Confusion about the culminating project 

People reporting on the culminating project sometimes confuse the terminology with the state high school exit exam. The state exit exam is a written exam that usually tests student’s math, reading, writing, and science skills, whereas the culminating project is a required project that is usually a learning experience based on a topic chosen by the student. The project is mandatory in order to graduate.

Purpose 
The purpose of the project is to increase both teaching and learning. High school graduation standards have declined for several decades. School reform or the No Child Left Behind Act of 2001 is a way to bring value back to the high school diploma as well as support students  as they go out into the world prepared for college, a job, the military, entrepreneurship, internship, or whatever path students decide to follow once they graduate.

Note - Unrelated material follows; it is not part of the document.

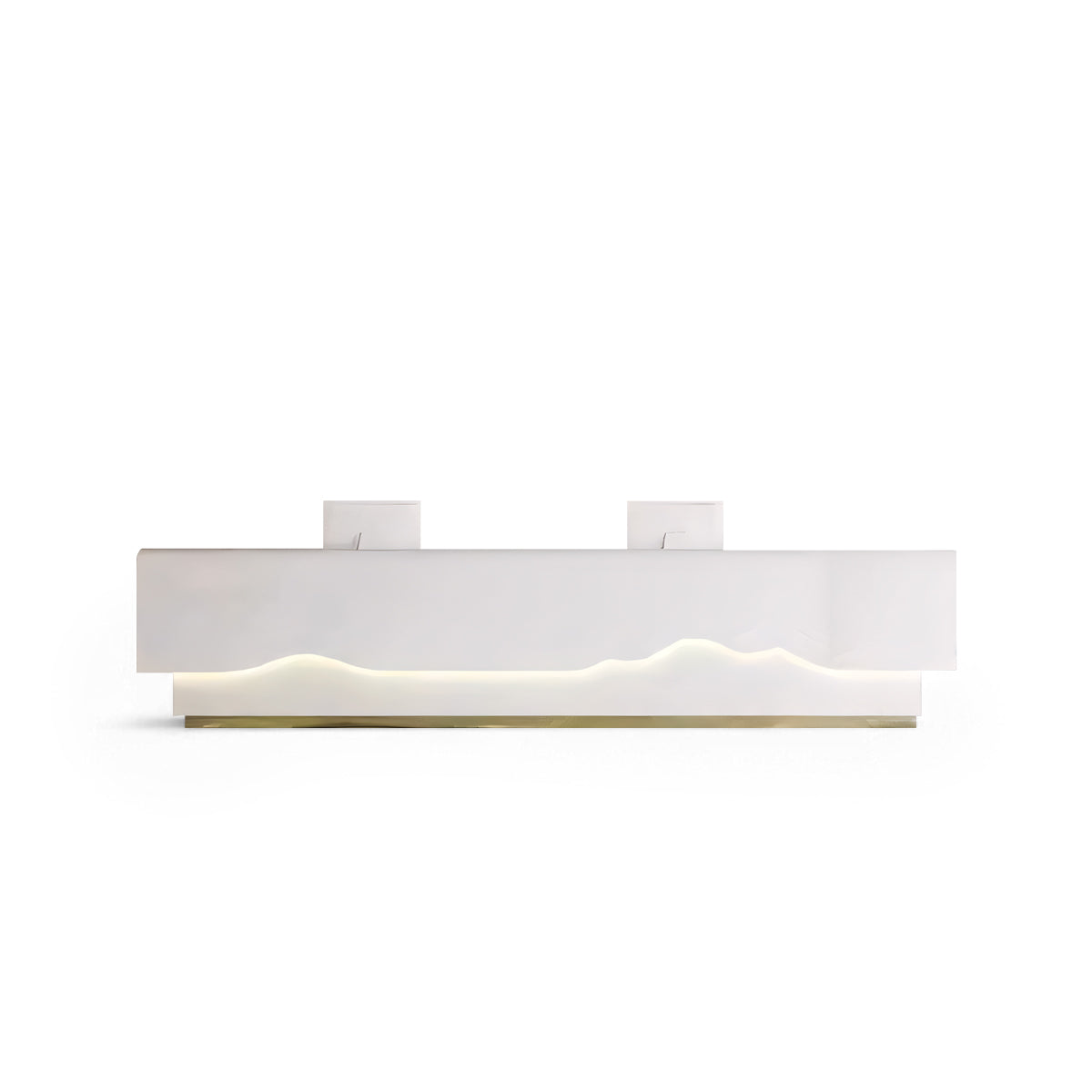 Rectangular Stainless Steel Reception Desk with Wave Shape RD-117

Why a project is required 
The requirement is an effort to increase the education standards. As college admissions and the workplace require more from their recruits, nationwide high schools must also.

In an effort to be clear, it is restated that the culminating project is not required by all schools. Again, parents and guardians would have to check with the student’s school official website for graduation requirements.

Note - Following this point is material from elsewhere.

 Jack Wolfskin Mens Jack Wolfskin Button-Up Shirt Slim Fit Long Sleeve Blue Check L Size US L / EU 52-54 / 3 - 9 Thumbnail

However, for students that are required to complete a culminating project, this is a chance for the student to explore a topic of personal interest. The project provides an opportunity that student may not have otherwise. By completing the project, students have a real life experience that can help them in their next adventure in life (college, job, entrepreneurship, military, internship, etc.).

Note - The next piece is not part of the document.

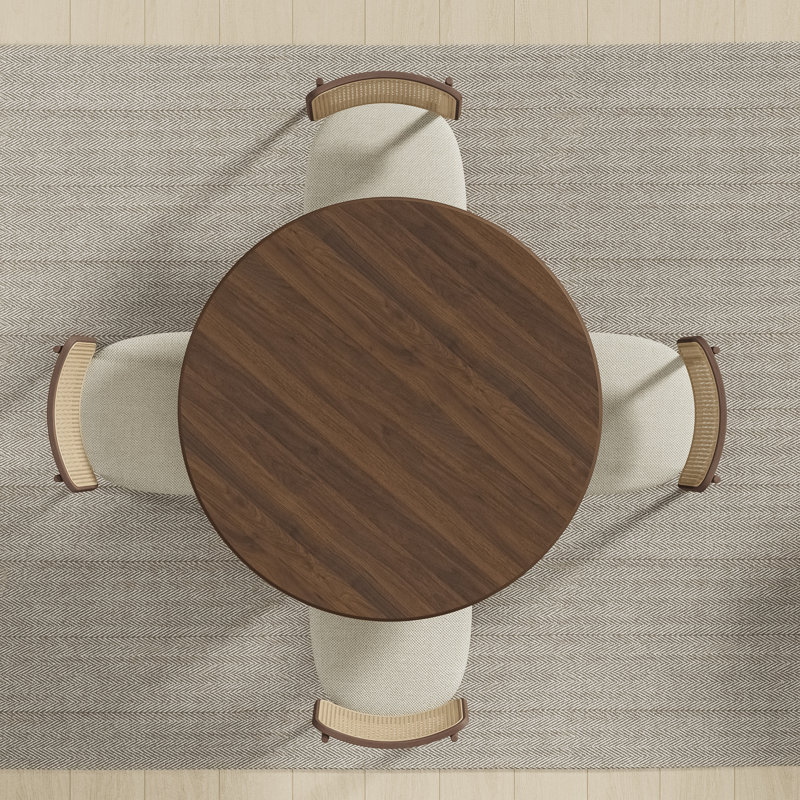 Table de salle à manger en bois massif, H 30 po x L 46 po x l 46 po, Noyer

Students gain a number of important skills by participating in the process such as,
 Leadership
 Communication
 Project management
 Time management
 Group skills
 Negotiation skills
 Meeting deadlines
 Conflict management
 Public speaking
 Presentation skills
 Self motivation

Kinds of projects 
The high school graduation culminating project format varies from state to state and even school to school within the same state. Parents and guardians will have to check with their students specific school for their requirements. Typically the project consists of choosing a topic of interest, writing a research paper on that topic, having an experience directly related to the topic, keeping a journal of artifacts demonstrating your work, followed by the final step which is a presentation (US Dept of Education).

The student usually presents the project to a panel consisting of 2-5 people typically made up of teachers, community members, faculty, and staff. However, some schools have student present to a panel of their peers. Schools and school districts have total discretion to format the process in a way that works best for their students and their school culture.

In some cases, students complete a project on their own with the support of a mentor from their community. Some schools allow group projects and group presentation. For example, it would not be uncommon for the leadership class of a school to raise funds to build a school in Africa. Other requirements include a mandatory social/community aspect related to the project which means the high school graduation project has to benefit someone other than the student.